Demographic data included the adolescents’ age, ethnicity, sex, education streams (from Singapore education system), duration of diabetes, and prior use of FGM. Glucose profile reports specifically included the percentage of TIR (70–140 mg/dL [4–8 mmol/L]), the number of hypoglycemic events (<70 mg/dL [4 mmol/L]), and daily scans obtained from the data management software.

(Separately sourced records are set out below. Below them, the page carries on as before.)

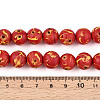 Handmade Lampwork Beads Strands LAMP-N028-05D-4
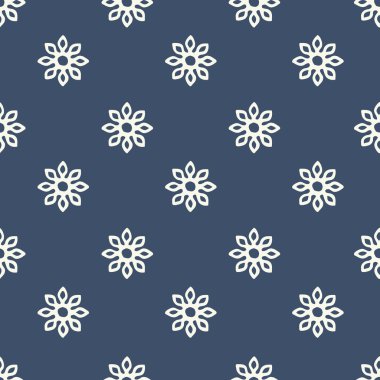 Kusursuz çiçek deseni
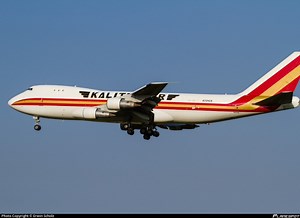 一架飞机的故事—N704CK，波音747-200F
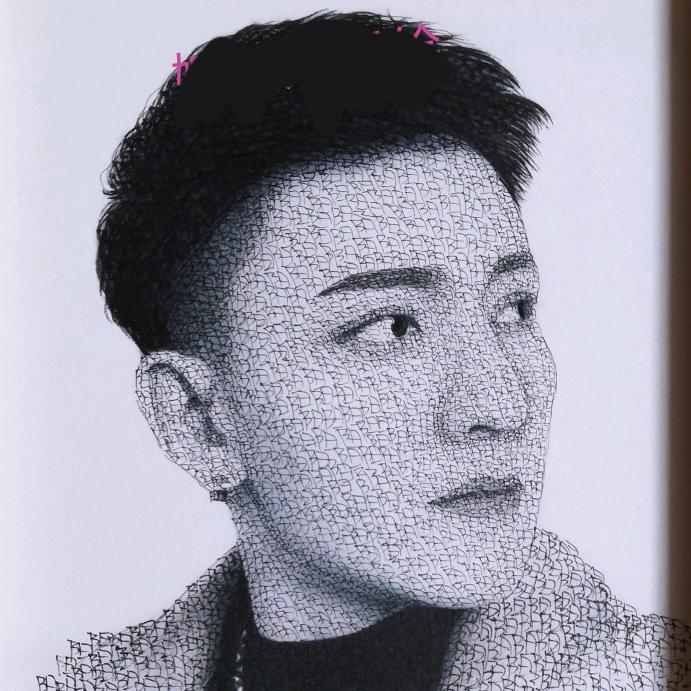 男神手绘～画给你心中的男神女神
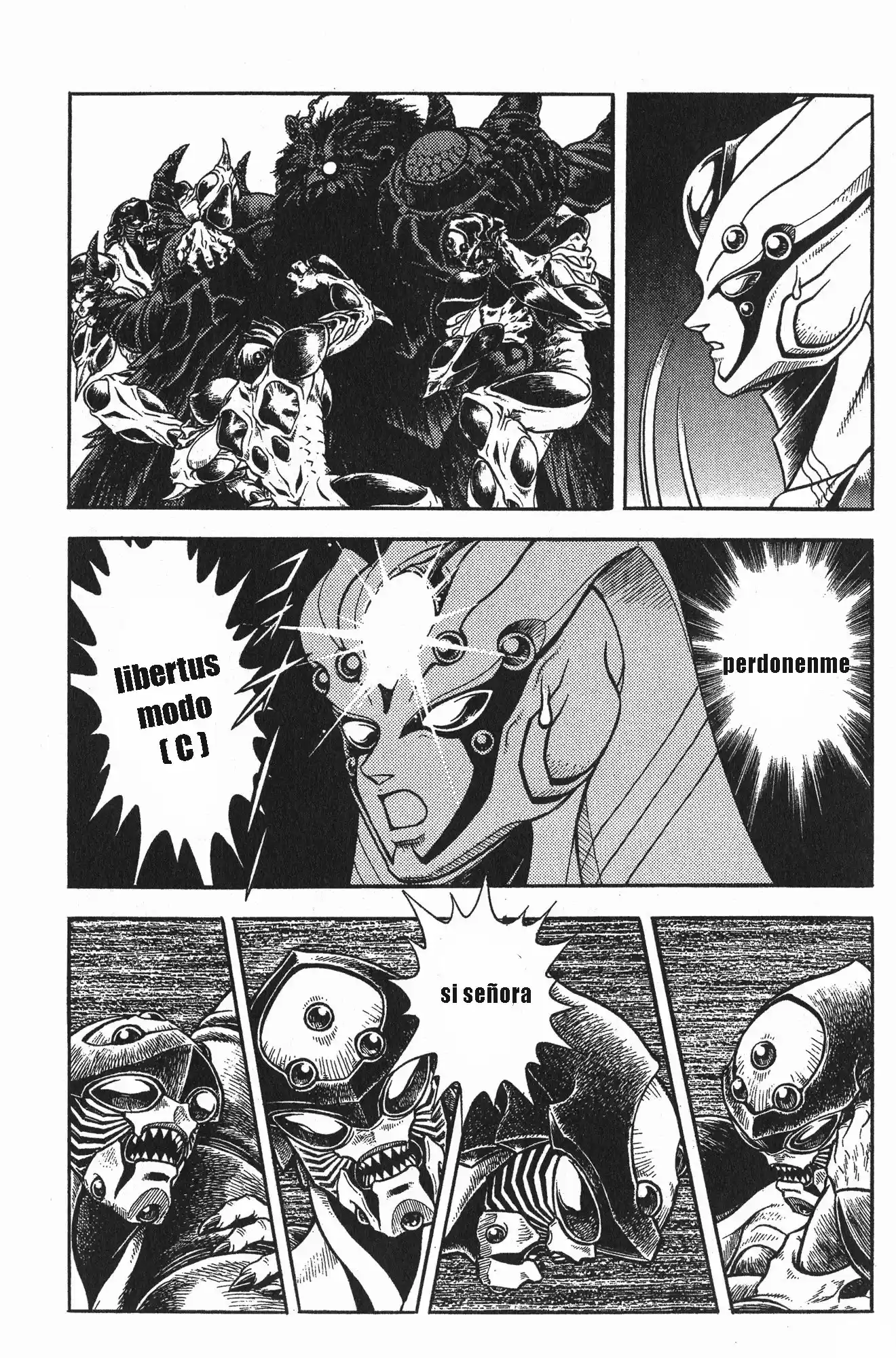 Kyoushoku Soukou Guyver (1984) - Capítulo 150 - Página 14 - LectorTMOo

CIDS is a 20-item self-report questionnaire validated in individuals with type 1 diabetes to measure changes in self-efficacy. The CIDS scale has a high test-retest reliability (Spearman’s r = 0.85, P <0.001). Each item is preceded by, “I believe I can . . .,” with the strength of this belief rated on a 5-point Likert scale ranging from 1 to 5. An example item was, “I believe I can . . . adjust my insulin for exercise, traveling, or celebrations.” A total CIDS score was calculated by summing all item scores, with higher scores indicating greater self-efficacy.

Data Analysis

All data were de-identified and entered directly into and analyzed in IBM SPSS, version 25, statistics software. Descriptive statistics (mean ± SD) were used to summarize demographics and calculate the percentage of TIR, the number of hypoglycemic events, and the number of daily sensor scans. A paired t test was used to determine changes in CIDS score, percentage of TIR, and sensor scanning frequency between visit 2 and visit 3. A one-way ANOVA with Bonferroni post hoc test was used to compare the change in number of hypoglycemic events and average glucose levels throughout the three time points of visits 1, 2, and 3.

Participants

Of the 64 adolescents approached in routine clinic consultation, 34 (53%) declined participation, and 22 (73%) completed use of the FGM system for 4 weeks (Figure 1). Table 1 summarizes demographic information for both completers and noncompleters.

FIGURE 1

Progression of convenience sample of participants.

FIGURE 1

Progression of convenience sample of participants.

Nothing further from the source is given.